━━ INPUT FOR THIS TASK

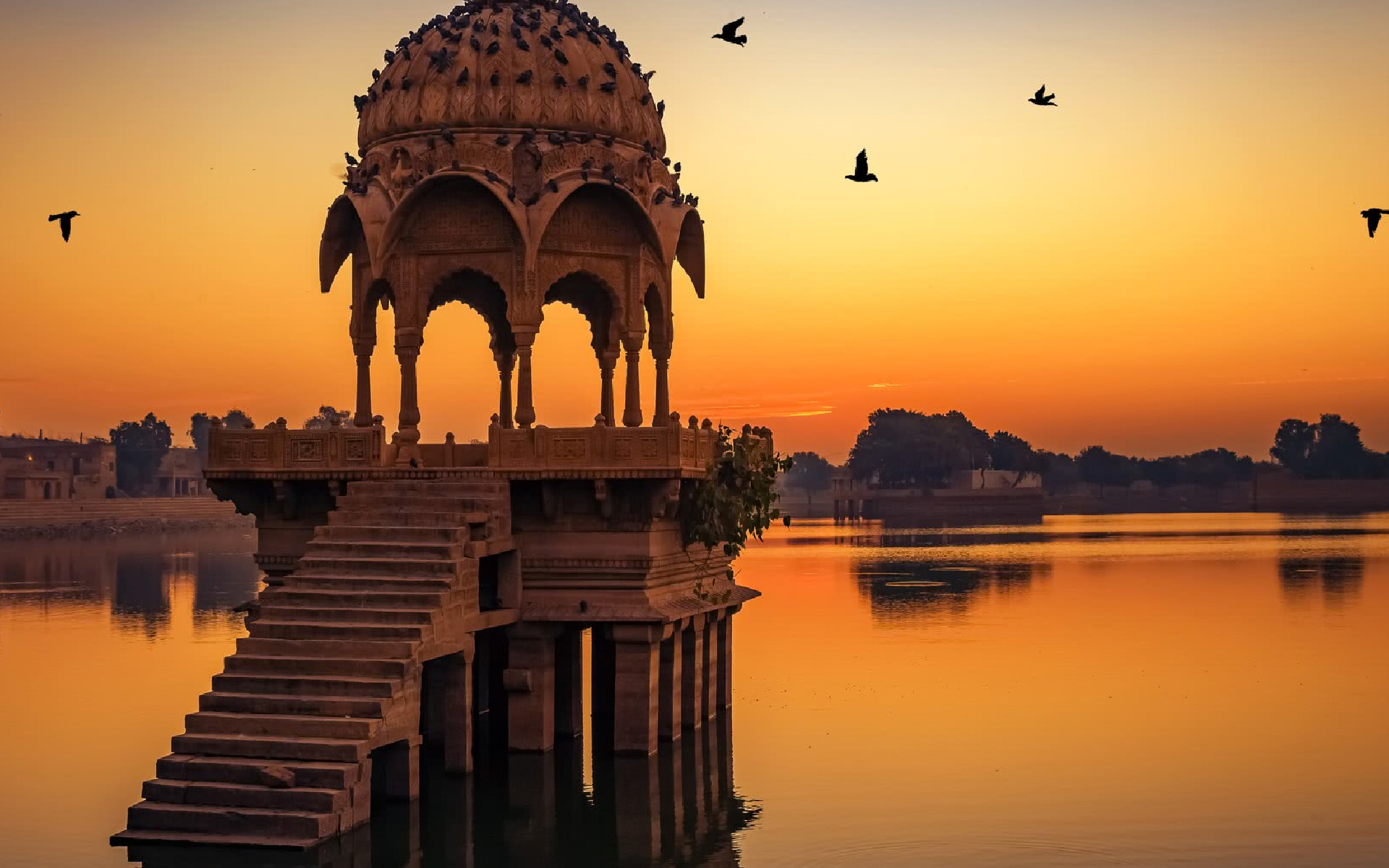 Book Essence of Rajasthan Tour  Forts, Palaces and Dreamy Deserts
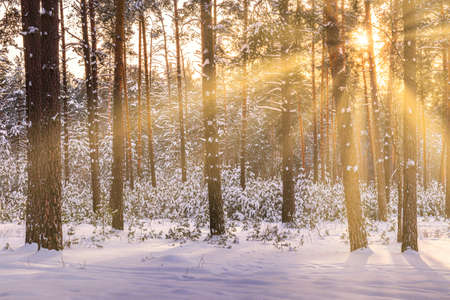 Sunset or sunrise in the winter pine forest covered with a snow. Rows of pine trunks with the sun's rays passing through them. Snowfall.の写真素材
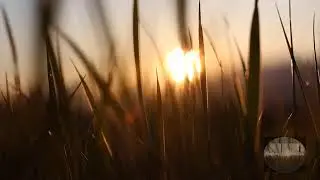 Nature Inspiration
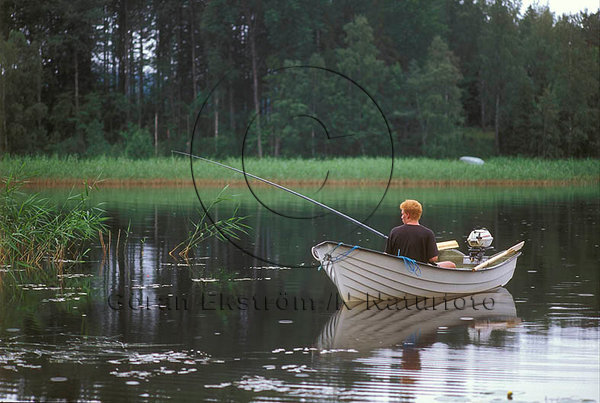 Fiske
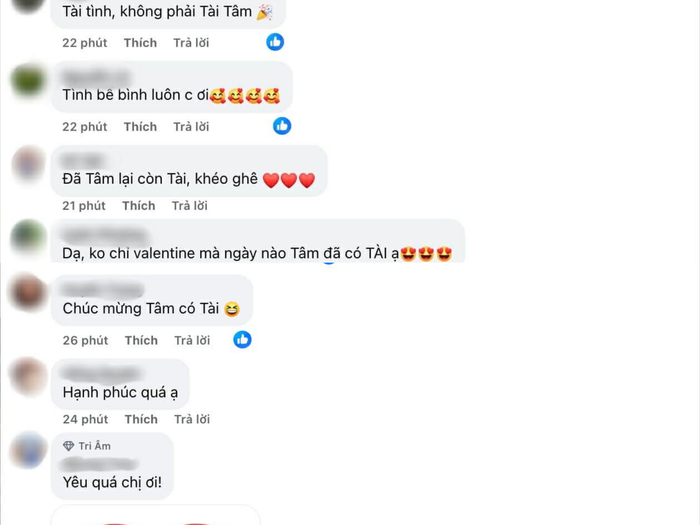 Phản ứng của khán giả bên dưới bài đăng của Mỹ Tâm (Ảnh: Chụp màn hình).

━━━━

TASK DESCRIPTION
Without the pictures, return the records above exactly as given.

THE COMPLETED TASK
 Book Essence of Rajasthan Tour  Forts, Palaces and Dreamy Deserts
 Sunset or sunrise in the winter pine forest covered with a snow. Rows of pine trunks with the sun's rays passing through them. Snowfall.の写真素材
 Nature Inspiration
 Fiske
 Phản ứng của khán giả bên dưới bài đăng của Mỹ Tâm (Ảnh: Chụp màn hình).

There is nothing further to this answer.